# Data Visualization Notebook
Contains the source code for each of our 3 Python-generated visualizations.

In [1]:
import altair as alt
import geopandas as gp
import pandas as pd
import folium as fol
import matplotlib.pyplot as plt
import folium.plugins as plug
from folium.plugins import MarkerCluster
from shapely.geometry import Point, LineString, MultiLineString
from shapely import Geometry
import numpy as np
import pyproj as prj

### Gated Station Entries by Year by Time

In [2]:
# load in formatted data frame
entries_by_time = pd.read_csv('entries_by_time.csv')

# creates dropdown
input_dropdown = alt.binding_select(
    options=list(entries_by_time['station_name'].unique()),
    labels=list(entries_by_time['station_name'].unique()),
    name="Station: "
)

# filters the stations selection on the selected dropdown value
station_select = alt.selection_point(fields=['station_name'], bind=input_dropdown, value='All')

# creates a large, centered title for the chart
title = alt.TitleParams('Gated Station Entries by Year by Time Period', anchor='middle', fontSize=20)

# creates a line chart
line = alt.Chart(entries_by_time, title=title).mark_line().encode(
    x=alt.X('year:N', title='Year', axis=alt.Axis(labelAngle=0)),     # sets x to be the year
    y=alt.Y('value:Q', title='Average Daily Entries'),                # sets y to be average number of entries
    color=alt.Color('period:N', title='Time Period')                  # colors by time of day
).add_params(         # adds selection filter
    station_select
).transform_filter(
    station_select 
).properties(    # specifies size of plot
    width=700,
    height=350
)

# creates a scatter plot
scatter = alt.Chart(entries_by_time, title=title).mark_circle().encode(
    x=alt.X('year:N', title='Year', axis=alt.Axis(labelAngle=0)),     # sets x to be the year
    y=alt.Y('value:Q', title='Average Daily Entries'),                # sets y to be average number of entries
    color=alt.Color('period:N', title='Time Period')                  # colors by time of day
).add_params(         # adds selection filter
    station_select
).transform_filter(
    station_select 
).properties(    # specifies size of plot
    width=700,
    height=350
)

# combines the two into one plot
gse_by_year = line + scatter

# saves chart as gse_by_year.html
gse_by_year.save('gse_by_year.html')

### Individual Speed Restrictions Line Plots

In [3]:
# load in preprocessed data
plot_df = pd.read_csv('speed_restriction_549463.csv')

# find max number of station entries to format y-axis
max_ge_full_day = (np.max(plot_df.full_day_avg) + 500) - (np.max(plot_df.full_day_avg) + 500) % 100

# creates title for the plot
title = alt.TitleParams('Average Gated Station Entries for Copley, Boylston, Arlington between 6/14 and 12/5', anchor='middle', fontSize=16)

# creates a chart to store the three line plots
chart = alt.Chart(plot_df).mark_line().encode(
    x=alt.X('day_of_week', axis=alt.Axis(labelExpr='dayAbbrevFormat(datum.value)', title='Day of the Week')),
)

# creates three line charts and concatenates them together 
alt.vconcat(
    alt.hconcat(
                
                # plots AM rush hour data
                chart.mark_line().encode(
                    y=alt.Y('am_rush_avg:Q',            
                            title='Avg.

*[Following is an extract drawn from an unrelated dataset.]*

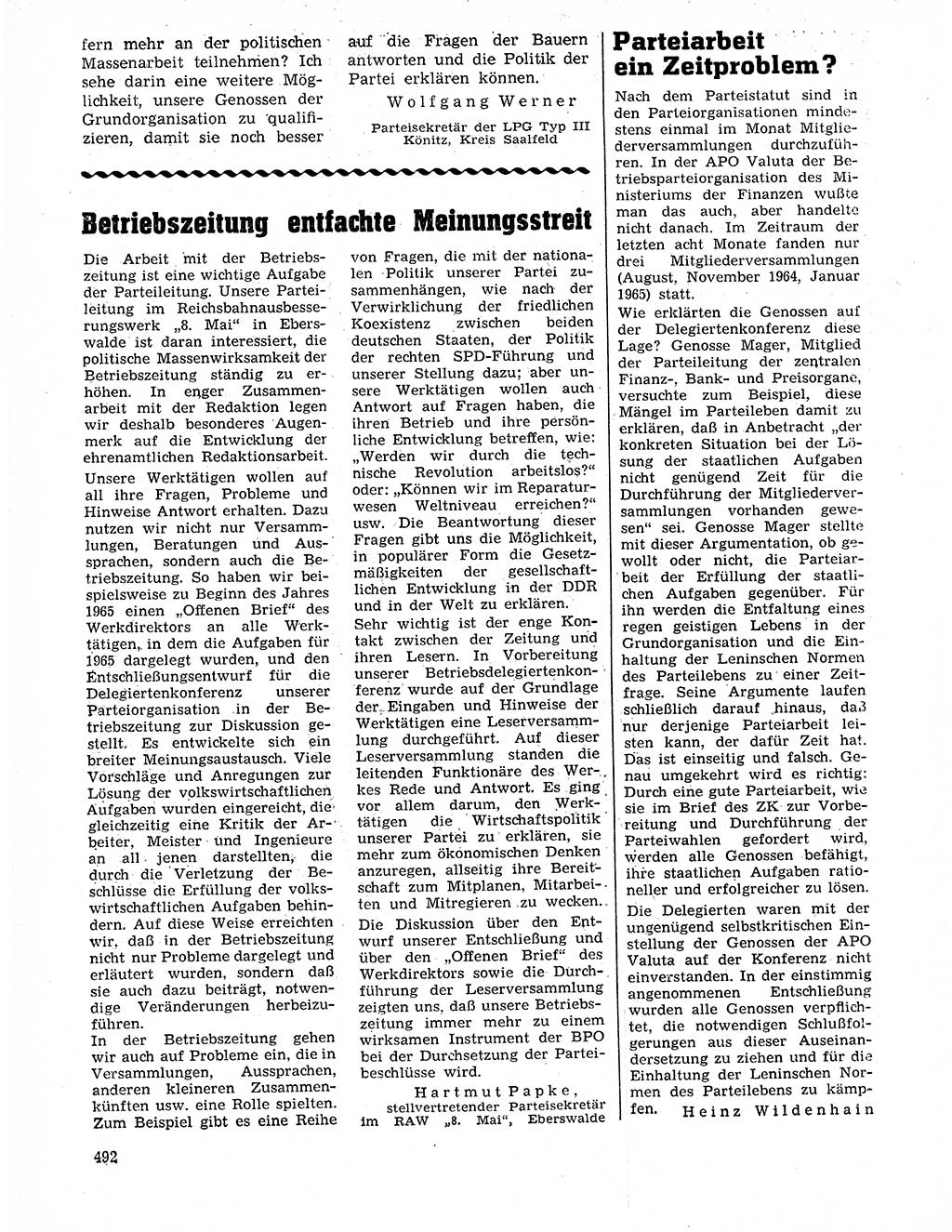 Neuer Weg (NW), Organ des Zentralkomitees (ZK) der SED (Sozialistische Einheitspartei Deutschlands) für Fragen des Parteilebens, 20. Jahrgang [Deutsche Demokratische Republik (DDR)] 1965, Seite 476 (NW ZK SED DDR 1965, S. 476)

Station Entries', 
                            scale = alt.Scale(domain=[0, max_ge_full_day])),  # scales y-axis to largest value across all three plots
                    color='dataset:N'
                ).properties(
                    title='AM Rush',
                    width=190,
                    height=190
                ),
        
                # plots PM rush hour data
                chart.mark_line().encode(
                    y=alt.Y('pm_rush_avg:Q', 
                            title='Avg. Station Entries', 
                            scale = alt.Scale(domain=[0, max_ge_full_day])),  # scales y-axis to largest value across all three plots
                    color=alt.Color('dataset:N', title='Dataset Timeframe')   
                ).properties(
                    title='PM Rush',
                    width=190,
                    height=190
                ),
        
                # plots full day rush hour data
                chart.mark_line().encode(
                    y=alt.Y('full_day_avg:Q', 
                            title='Avg. Station Entries', 
                            scale = alt.Scale(domain=[0, max_ge_full_day])),  # scales y-axis to largest value across all three plots
                    color='dataset:N'
                ).properties(
                    title='Full Day',
                    width=190,
                    height=190
                )),
).properties(
    title=title     # adds title to plot
).configure_title(
    align='center',
    anchor='middle'
)

# saves chart as speed_restr_line_plots.html
chart.save('speed_restr_line_plots.html')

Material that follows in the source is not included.